Margaret Bourke – White fu una donna di prime volte
La prima ad arrampicarsi su costruzioni d’acciaio sfidando il calore delle fornaci per realizzare fotografie che ancora adesso risultano moderne e insolite.
Fu la prima a scattare fotografie da un aereo a 12 km di altezza e a 3 km di profondità, tra i minatori d’oro in sud Africa.
Fu la prima a raccontare per immagini la grande Depressione degli anni ’30 nel Sud America.
Fu la prima a riprendere gli la piaga della dittatura di Stalin e Stalin stesso, in posa solo per lei.
Fu la prima a documentare l’orrore dei campi di concentramento con immagini raccapriccianti destinate a fare la storia dell’Uomo – Se Questo È Un Uomo.
La prima a raccontare la dolorosa separazione tra India e Pakistan e ad incorniciare il volto di Gandhi a poche ore dalla sua morte.
Per un fotografo ascoltare belle storie non basta. E se ad un semplice giornalista è necessario scrivere un pezzo meraviglioso raccogliendo i racconti degli altri, il fotografo deve mettere a fuoco qualcosa e deve farlo nel momento giusto. Contano solo le immagini che riesci a portare a casa suddivise in frammenti di pellicola.
Margaret Bourke – White
Prima. Donna.
Margaret, nata nel 1904 a New York, attraversa quasi un secolo intero di storia documentandolo dietro la sua macchina fotografica in più di 45 paesi del mondo.
La mostra Prima. Donna, nella splendida cornice di Palazzo Reale di Milano, mette in scena una vita di fotografie, dal solo bianco e nero fino all’evoluzione del colore. Ogni sala è una rassegna delle foto più significative pubblicate su magazine come il LIFE o il FORTUNE, con cui la fotografa lavorò a lungo.
Tutte le domande che sorgeranno al visitatore durante la visita si spiegheranno nell’ultima sala, dove viene trasmessa una rara intervista a Margaret in un celebre programma televisivo americano del tempo.
Come può una donna viaggiare da sola tutto il mondo, imbracciando attrezzatura fotografica più pesante di lei? Quanto può essere doloroso documentare gli orrori della guerra o dei campi di concentramento? Come conciliare una vita così avventurosa con la vita privata?
Margaret era una donna bellissima; si sposò due volte e per due volte si ritrovò sola, con le macerie di un matrimonio andato in frantumi. Lei stessa ammise: ‘ Nella mia vita non c’è mai stato spazio per il matrimonio. Se avessi avuto dei figli sarebbe stato diverso, avrei sicuramente preso da loro tutta l’energia e l’ispirazione anche per il mio lavoro. Chissà, forse invece che andare in guerra avrei scritto libri per l’infanzia. Ma non credo esista una vita migliore, esistono solo vite diverse.’

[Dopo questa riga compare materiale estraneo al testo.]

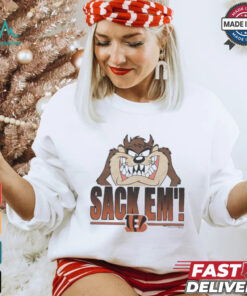 Looney Tunes Taz Tasmania Sack Em’ x Cincinnati Bengals T Shirts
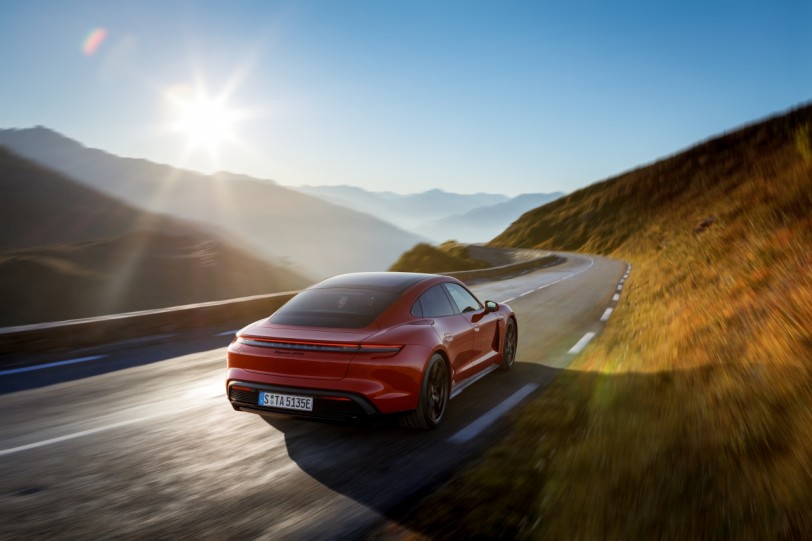 2022第一季銷售報酬率成長18.2%，Porsche 營業額和營業利潤雙雙成長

Una vita a mille all’ora, alla ricerca del solo ed unico momento perfetto, significativo, essenziale ed effimero. Forse la chiave di lettura della vita stessa? Chissà.
Il ritratto che ne esce è quello di una donna diventata il mito di sé stessa: intrepida, coraggiosa, tenace, raccontò il mondo senza mai tirarsi indietro, che fosse la guerra, il caldo, l’altitudine, la solitudine o la malattia.
La malattia, il Parkinson, con cui condividerà ben vent’anni di vita. Una continua lotta con quel male che le fa tremare gli arti e che combatté fino alla gioia di riuscire, ancora una volta, ad arrotolare un nuovo rullino. E, ancora una volta, fare della macchina fotografica il suo occhio sul mondo.